EXERCISE PROMPT >>
Locate "Backyard By Design" in the records below, then copy its line and every following line exactly, without the pictures.

-----

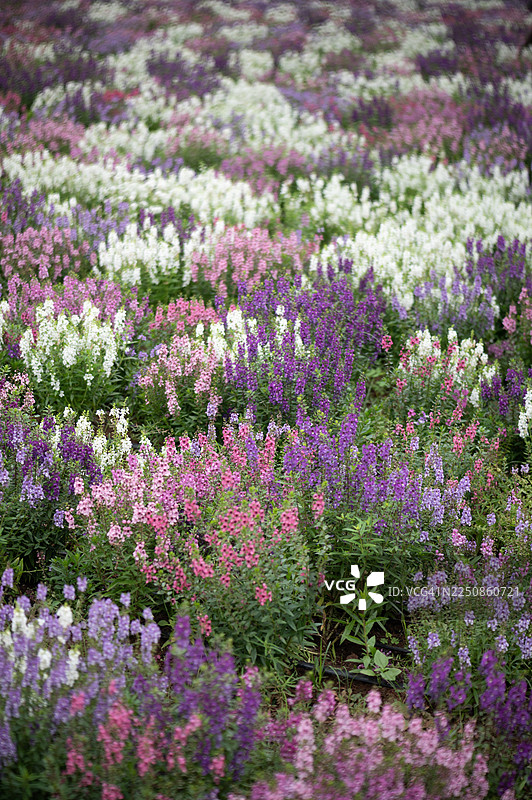 特写镜头下柔和模糊的花朵图片素材
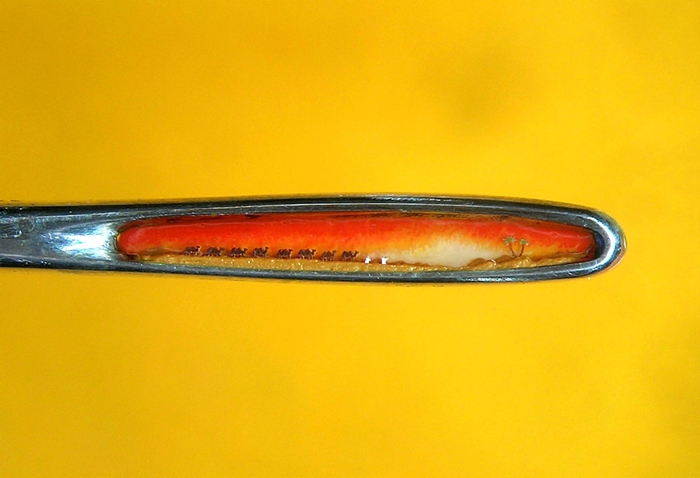 По следам любимых героев () По следам любимых героев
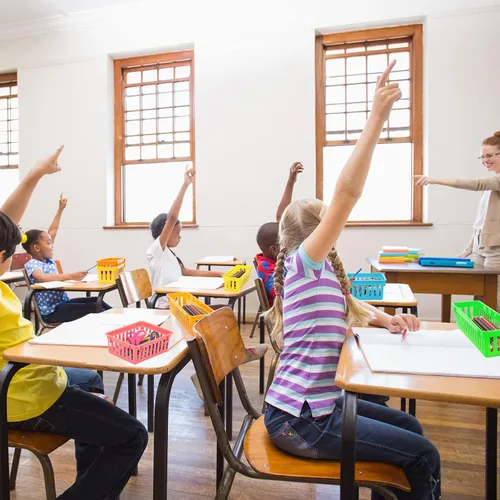 Vista 6 de 24 cestas pequeñas de plástico coloridas para el aula, 12 unidades de 10 x 3 x 2.5 pulgadas, bandeja pequeña para lápices, 12 bandejas organizadoras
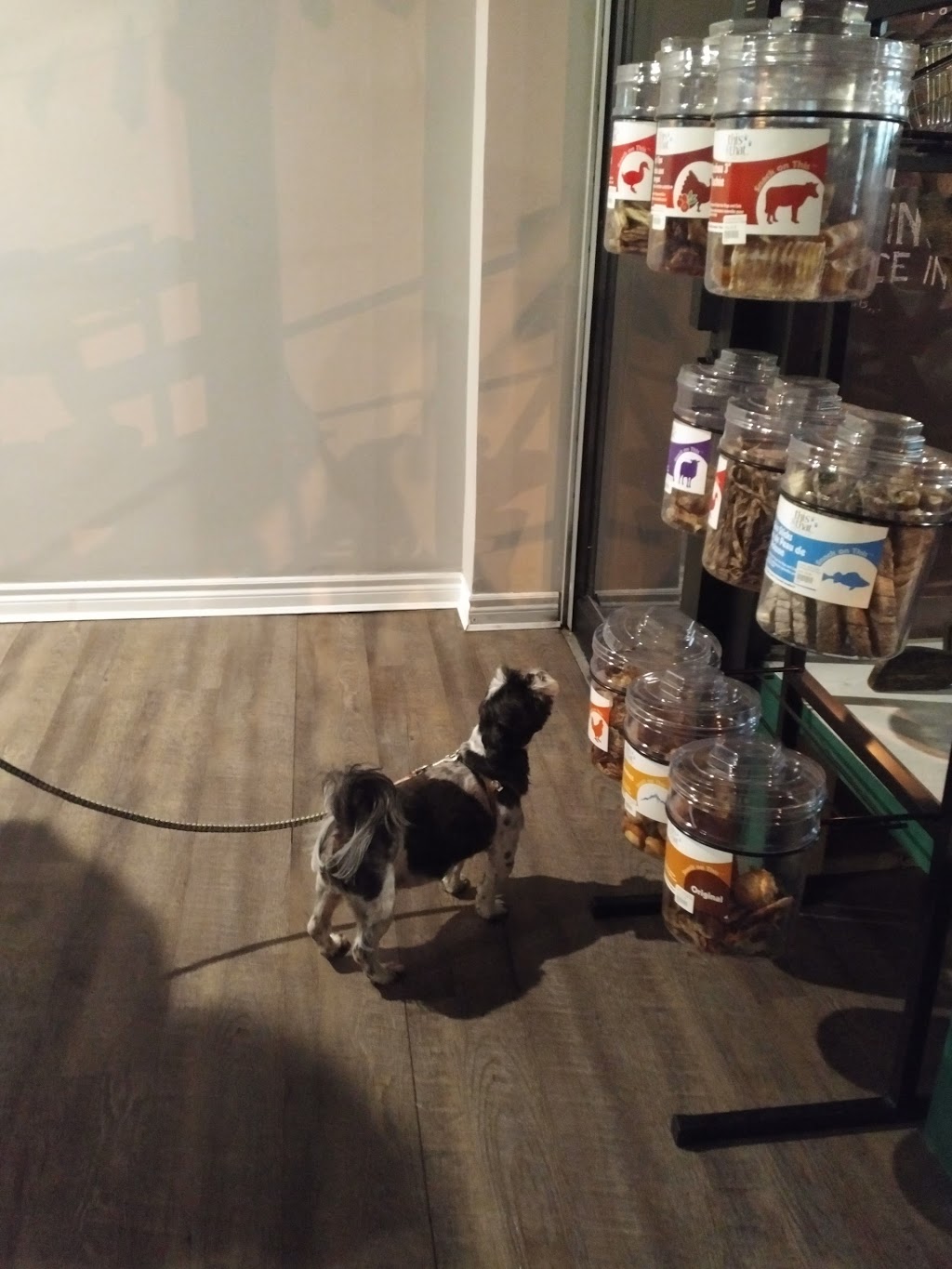 The Local Kibblery: Pet Emporium | 896 Eglinton Ave W, Toronto, ON M6C 2B6, Canada | Phone: (416) 901-3647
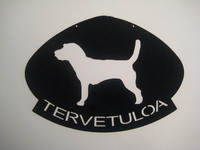 jackrusselinterrieri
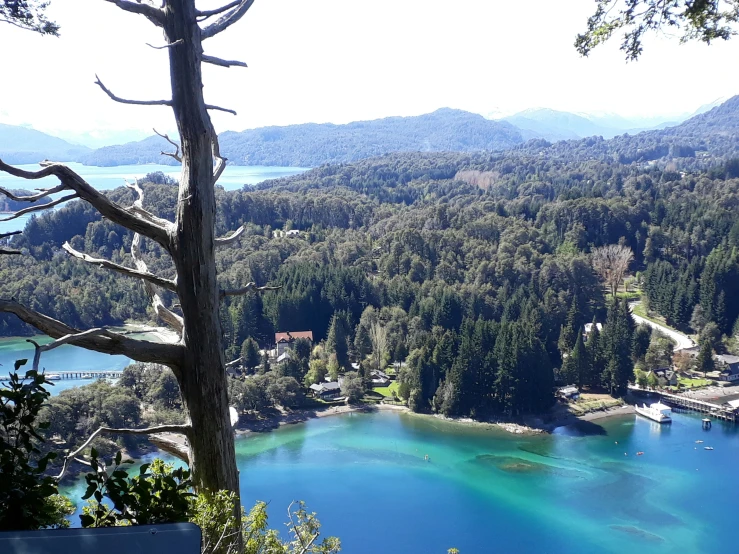 a large body of water next to trees and a forest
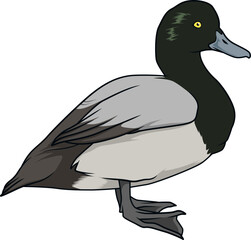 Illustration einer männlichen Bergente – realistische Darstellung eines Tauchvogels in Seitenansicht.
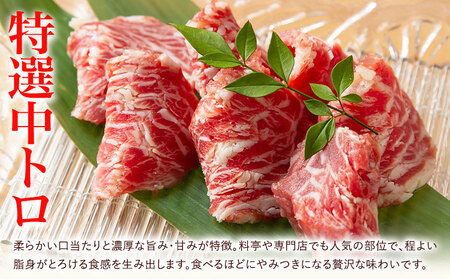 馬刺し スライス 2種セット 計200g 赤身 特選中トロ 馬刺しタレ 有限会社草佳苑《30日以内に出荷予定(土日祝除く)》熊本県 菊池市 馬刺し 馬肉 肉 お肉 赤身 特選中トロ 馬刺しタレ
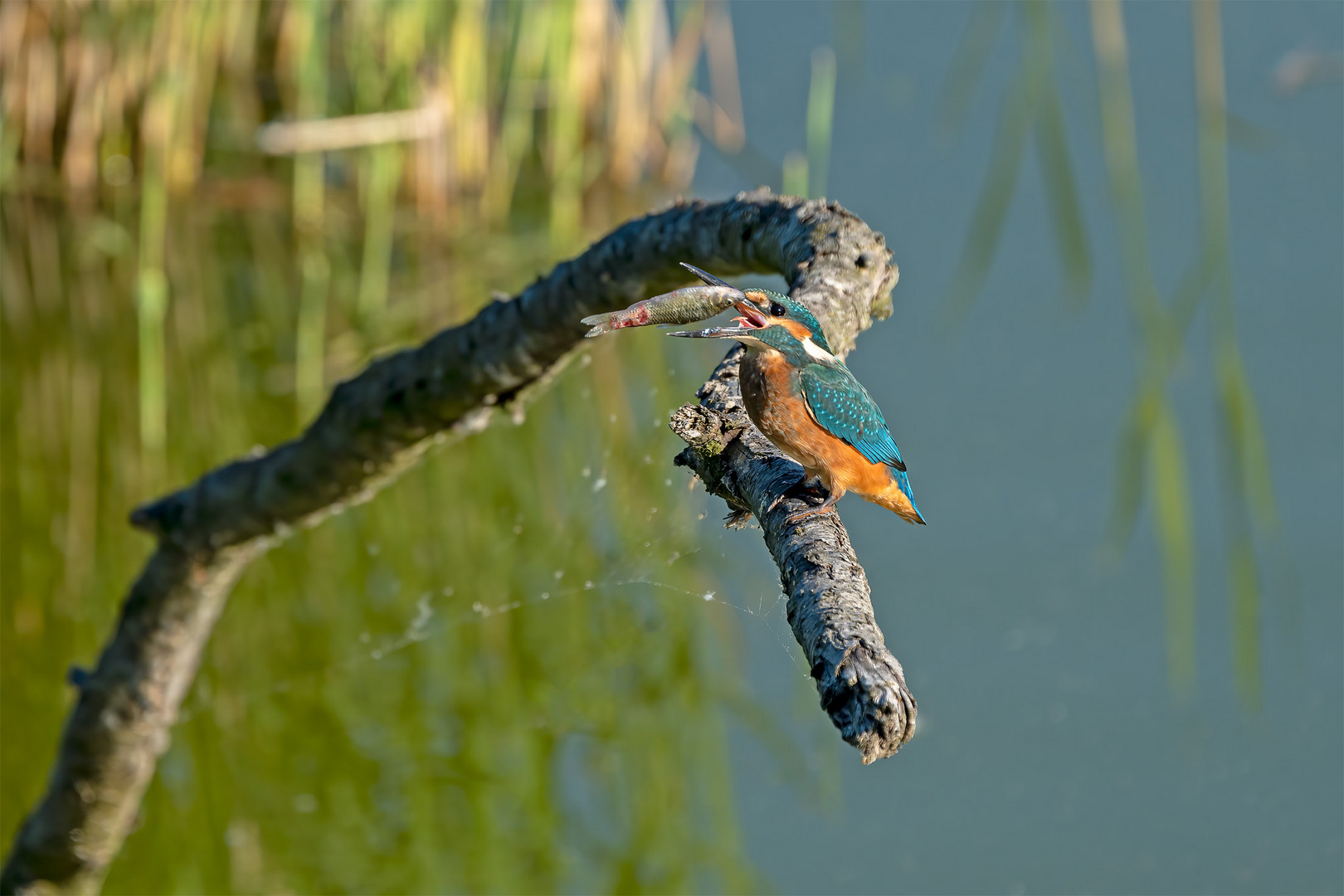 Eisvogel 028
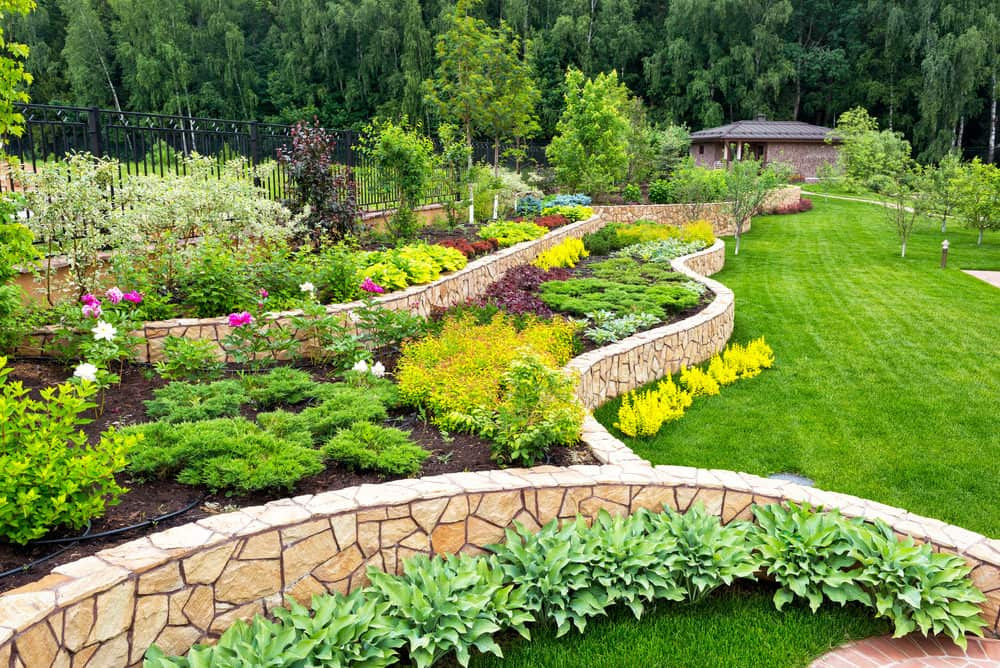 Backyard By Design
 How to Create a Landscape Design Blueprint for Your Yard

-----

EXERCISE OUTPUT >>
 Backyard By Design
 How to Create a Landscape Design Blueprint for Your Yard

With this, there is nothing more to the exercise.